Copy out the lines beginning at the one with "MINIMALE TERracotta ROEST" and ending at the last line of the data, both included; pictures stay out.

[Crawled caption data]
----------

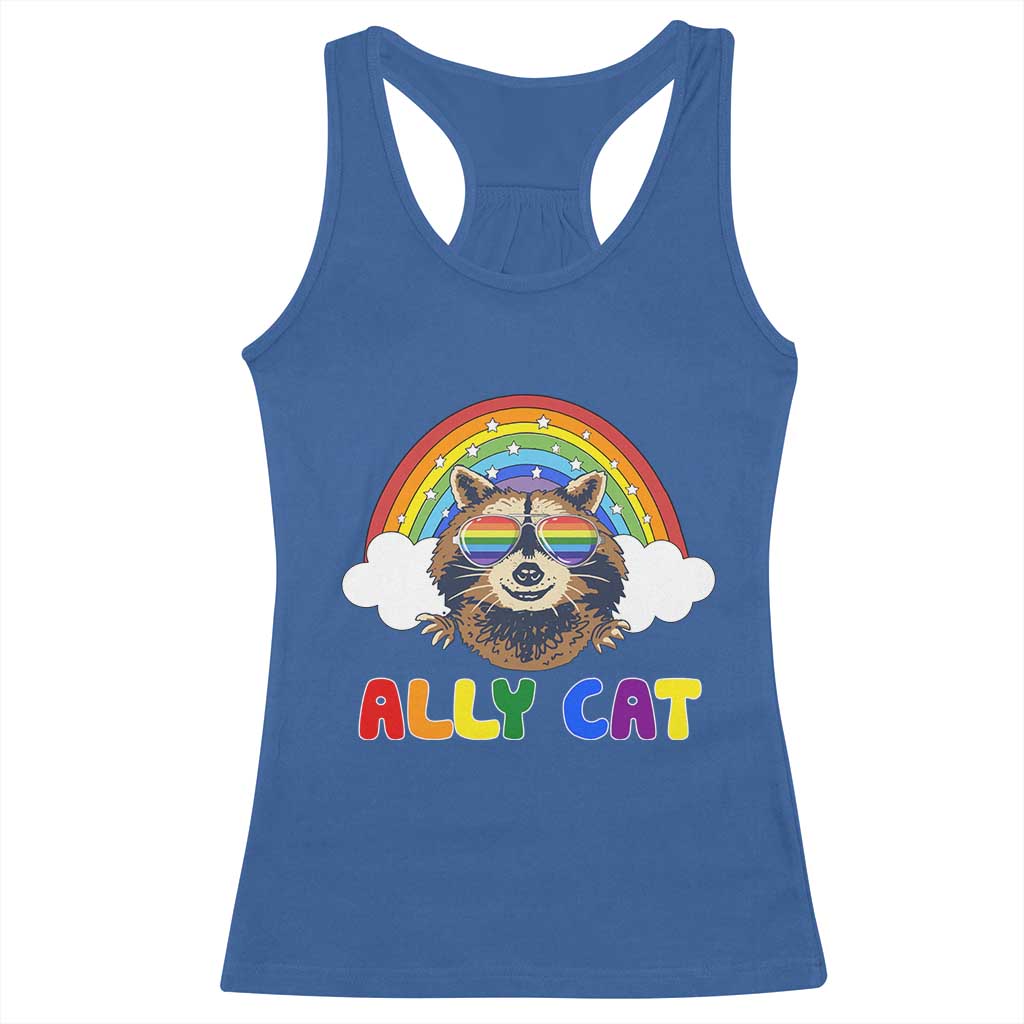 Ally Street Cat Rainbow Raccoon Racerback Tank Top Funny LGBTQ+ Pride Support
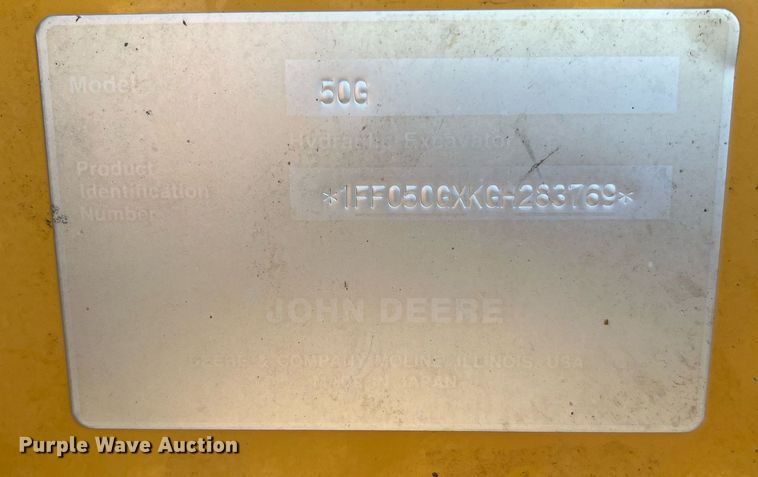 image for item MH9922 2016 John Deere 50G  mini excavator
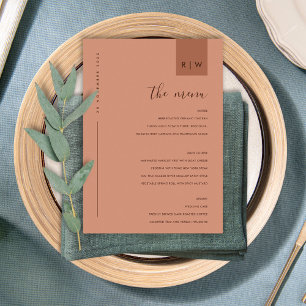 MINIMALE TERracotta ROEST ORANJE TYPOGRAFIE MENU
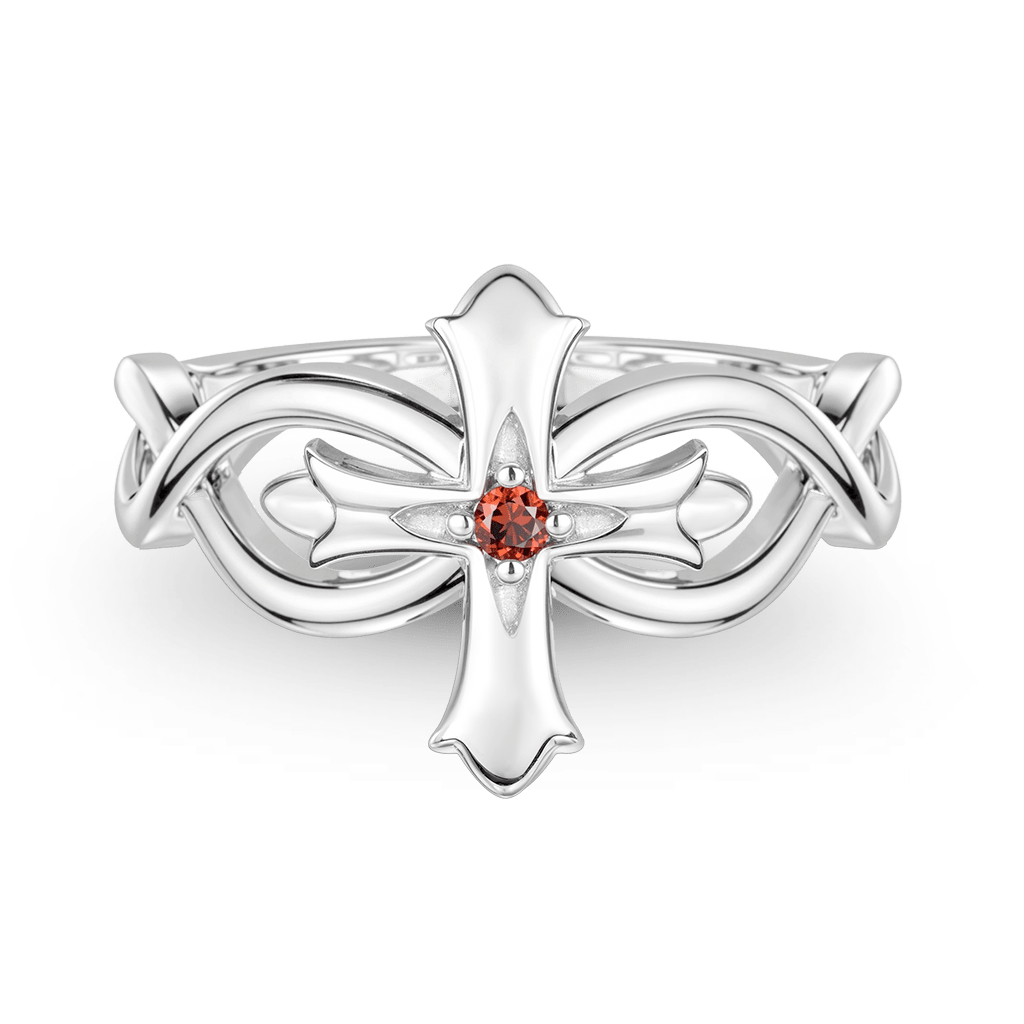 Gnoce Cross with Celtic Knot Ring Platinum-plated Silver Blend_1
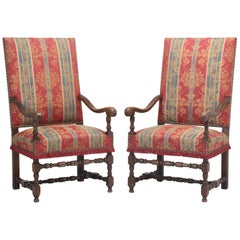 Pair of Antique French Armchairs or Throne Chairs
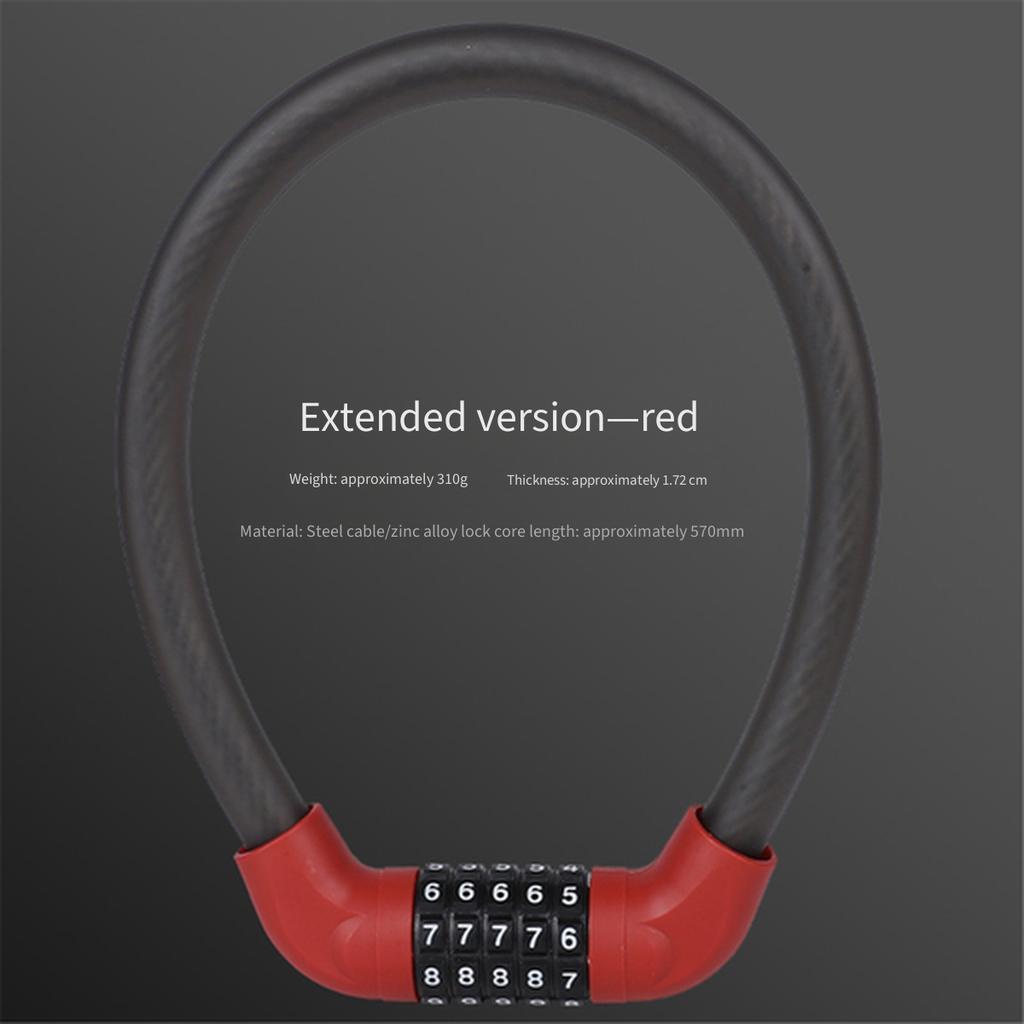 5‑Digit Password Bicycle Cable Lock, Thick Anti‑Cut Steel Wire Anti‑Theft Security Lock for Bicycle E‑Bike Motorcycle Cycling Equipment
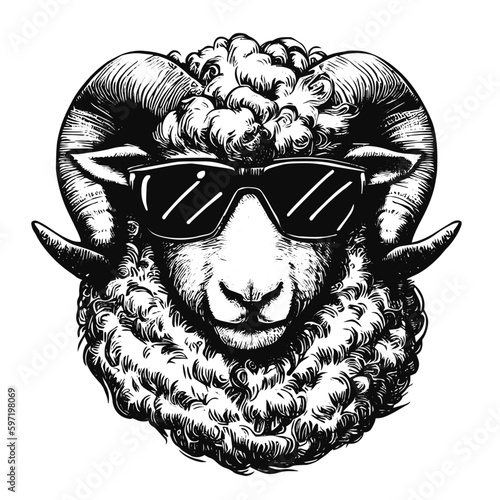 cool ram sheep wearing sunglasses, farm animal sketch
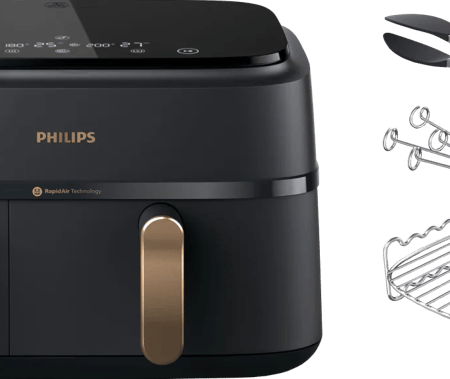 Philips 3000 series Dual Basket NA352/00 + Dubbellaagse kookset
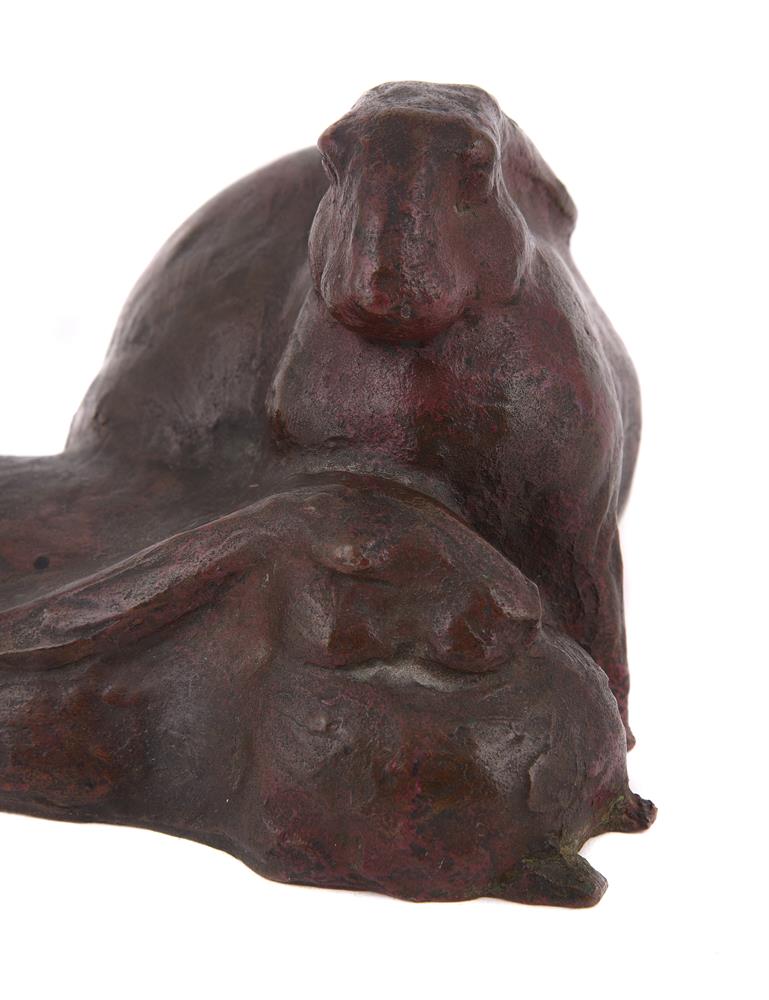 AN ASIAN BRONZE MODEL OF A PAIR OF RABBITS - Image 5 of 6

----------

## Exercise answer
 MINIMALE TERracotta ROEST ORANJE TYPOGRAFIE MENU
 Gnoce Cross with Celtic Knot Ring Platinum-plated Silver Blend_1
 Pair of Antique French Armchairs or Throne Chairs
 5‑Digit Password Bicycle Cable Lock, Thick Anti‑Cut Steel Wire Anti‑Theft Security Lock for Bicycle E‑Bike Motorcycle Cycling Equipment
 cool ram sheep wearing sunglasses, farm animal sketch
 Philips 3000 series Dual Basket NA352/00 + Dubbellaagse kookset
 AN ASIAN BRONZE MODEL OF A PAIR OF RABBITS - Image 5 of 6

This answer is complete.